An article published in the University of Chicago Law Review draws a distinction between pure student speech and school-sponsored speech. The first refers to the expression “that may take place anywhere yet happens to occur on school premises.” One notable example is the Supreme Court case Tinker v Des Moines, in which three students were expelled for wearing armbands against the Vietnam War to school. The Court decided that suspension was unconstitutional because it violated the students’ individual rights to free speech. Those same rules do not always apply when the school is directly connected.
While the precise definition is a bit fuzzy, school-sponsored speech involves expression that is commissioned or supported by the school in some way. In Hazelwood School District v Kuhlmeier, the Supreme Court “upheld a principal’s decision to excise student articles written for the school newspaper,” the Law Review article explains. “Speech that bears the imprimatur of the school resembles official speech, leaving the school free to employ reasonable measures to guard against misattribution.” If a promotional photograph of a school-sanctioned sports team doesn’t scream imprimatur, I am not sure what does.

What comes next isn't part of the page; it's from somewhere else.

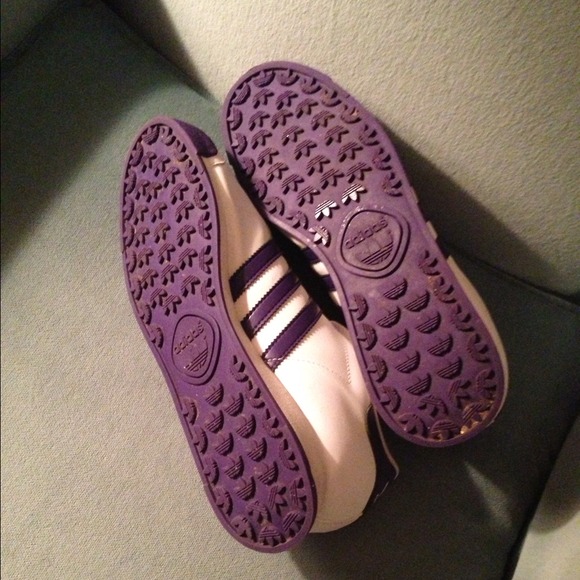 ⭐️Adidas Samoa - Picture 3 of 4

All of this is to say that the use of the thin blue line flag conjures some serious legal questions about the relationship between a school district and the promotion of its organizations. At the very least, one should consider how a symbol has been used previously before trying to support a narrow understanding of its meaning. Images can enable prejudice just as easily as a person can. What happened in Marysville should be a lesson to the rest of the country that the symbols we use in public reflect not just what we think of them, but what the hateful see as well.